Dans son rapport du 4 décembre 2017, le médecin conseil de la caisse relève sur M. [H] ' les séquelles du syndrome du canal carpien gauche traité chirurgicalement, compliqué d'algoneurodystrophie [qui] consistent en une impotence fonctionnelle totale de main gauche dominante avec un enraidissement quasi total du poignet gauche'. Il conclue à un taux d'incapacité de 77%. La caisse soutient que l'évaluation faite par le Dr. [W] en première instance ne prend pas en compte les indications de la partie 'main' du barème indicatif et se base uniquement sur la partie 'séquelles du système nerveux végétatif et syndromes algodystrophiques' du dit barème, tronquant ainsi le calcul du taux.

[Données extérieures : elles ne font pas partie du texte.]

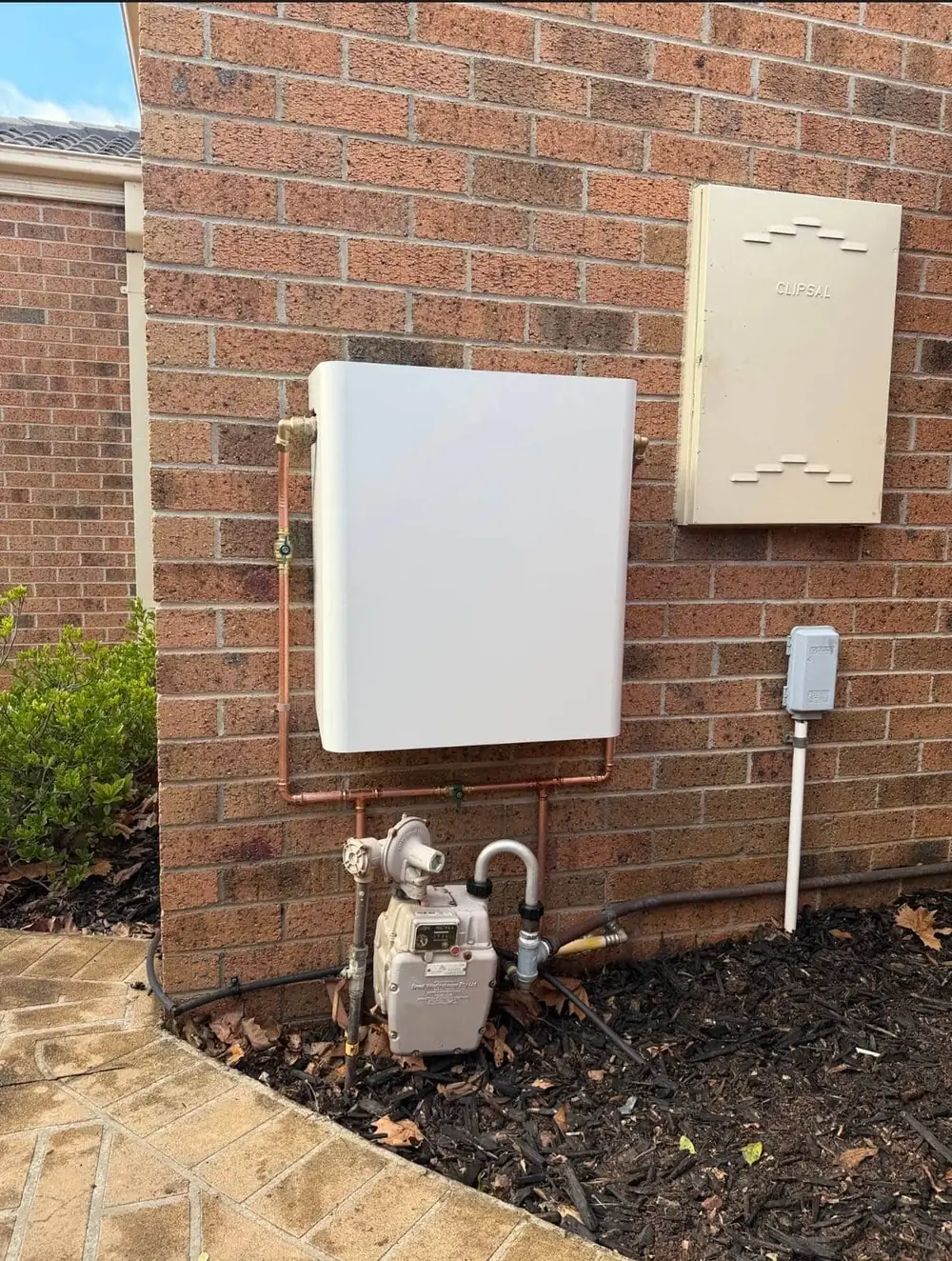 Whole House Filtration unit in Surfmist on a brick wall beside the gas meter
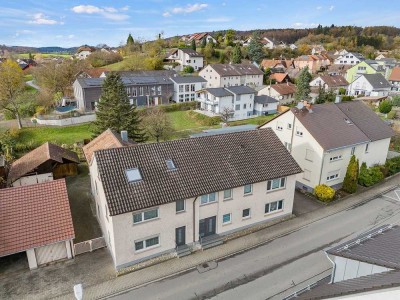 Vielseitiges 4-Familienhaus als Doppelhaus mit Garten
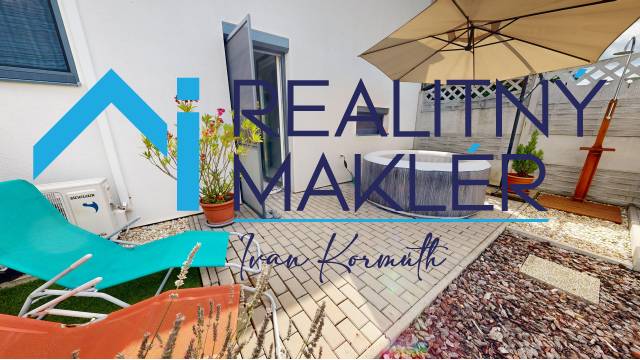 In the exterior of a family house in Stupava, there are sun loungers, a hot tub, and a sunshade.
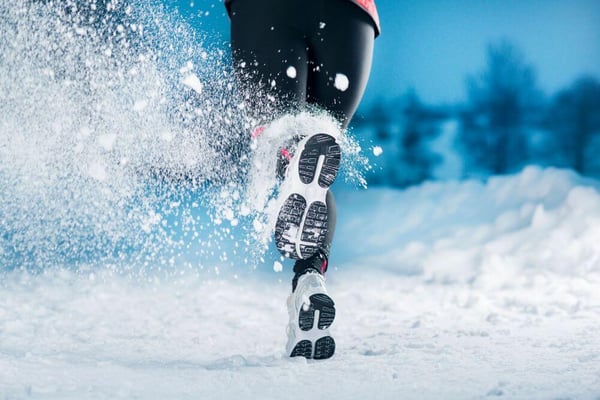 runner running in snow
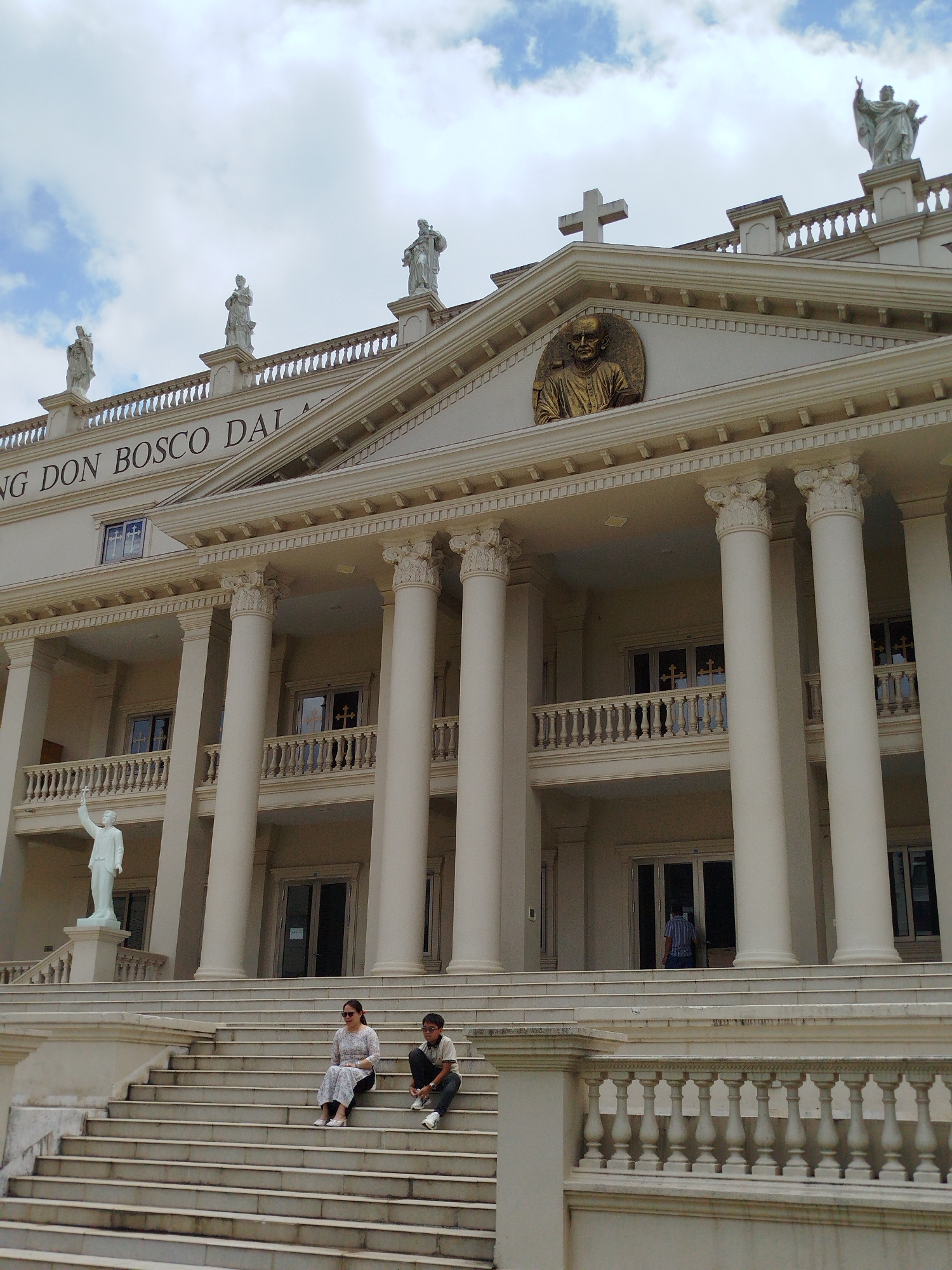 The image depicts the grand facade of Don Bosco Da Lat, a Catholic church located in Da Lat, Vietnam. The building is a stately structure with classical architectural elements, including tall white columns, a pediment, and statues. The name "NG DON BOSCO DALAT" is inscribed above the columns. Statues of religious figures are positioned along the roofline and on the grounds. A large cross adorns the peak of the pediment. A golden relief of Don Bosco is visible just below the cross.
Two individuals, an adult woman and a teenage boy, are seated on the steps leading up to the building. A third person is partially visible entering the building's doorway. The weather appears cloudy. The scene is captured from a low angle, emphasizing the building's scale.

Il est constant que lorsque le médecin relève diverses sources d'incapacité, les taux prévus au barème indicatif de la sécurité sociale peuvent se cumuler.
Dès lors, puisqu'il ressort des pièces médicales versées tant par la société que par la caisse que M. [H] souffre d'une perte totale des fonctions de la main avec le poignet enraidi et également d'une algodystrophie post-opératoire, le taux de 77% fixé par le médecin conseil est en cohérence avec les pathologies décrites, dans la mesure où il permet de cumuler les taux prévus pour les pathologies de la main et du système nerveux.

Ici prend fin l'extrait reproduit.